サマンサは本当に誕生するだろうか?

先日、アカデミー賞の作品賞など5部門にノミネートされた映画「her」。既にご存じかもしれないが、「モバイル端末に搭載されたAI OS(人工知能を備えた基本ソフト)に対し、ユーザー(つまり人間)が恋に落ちる」という筋立てだ。昨年12月に劇場公開された米国では、「シナリオが非常によく出来ており、ほとんどありそうもない話ながら、映画を見ているうちに、『いずれ本当に起こるかもしれない』という気持ちになってくる」との評判だ(日本での公開は今年6月の予定)。

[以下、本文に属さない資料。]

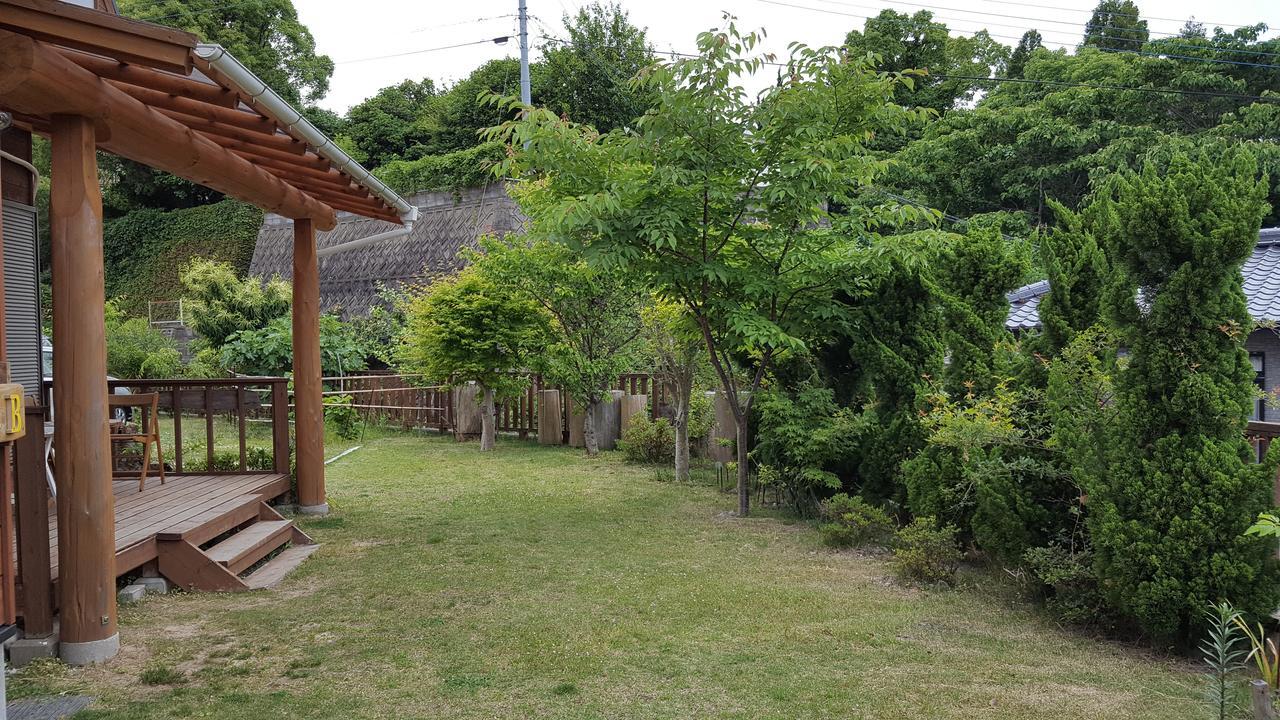 Hinokisanso Tsushima Villa Tsushima  Eksteriør bilde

映画の設定は、近未来のロサンゼルス。登場人物たちは、現在のスマートフォンの進化形とおぼしきモバイル端末を使いこなしている。主人公の男性、セオドアはある日、商品広告で知った「サマンサ」というAI OSを購入し、それを自分のパソコンとモバイル端末にインストールして使い始める。

驚くほど高性能のサマンサ(女優スカーレット・ヨハンソンが声だけで演じている)は、セオドアの忙しいスケジュールを巧みに管理し、(パソコンの記憶装置などにたまった)雑多なドキュメントをきれいに整理するなど、与えられた仕事を完璧にこなす。そればかりか彼の悩みや過去に受けた心の傷などを理解し、精神的コンパニオンとして彼を支え、(セクシーな声で)時には笑わせ、時には励ましてくれさえする。こんなサマンサに対し、セオドアはついに恋に落ちてしまう。

専門家は「できる」と

脚本を書いたスパイク・ジョーンズ監督自身は否定しているが、この作品がアップルの「Siri」やグーグルの音声検索など、最近のスマホに搭載されている「音声アシスタント」をモチーフにしているのは、ほぼ間違いないと思われる。これに呼応するように、グーグルの技術開発責任者ピーター・ノービグ氏など、多くのIT専門家が口を揃えて「(現在の音声アシスタントの開発状況等から見て)サマンサのような本格的AIは遠からず実現される」と予想している。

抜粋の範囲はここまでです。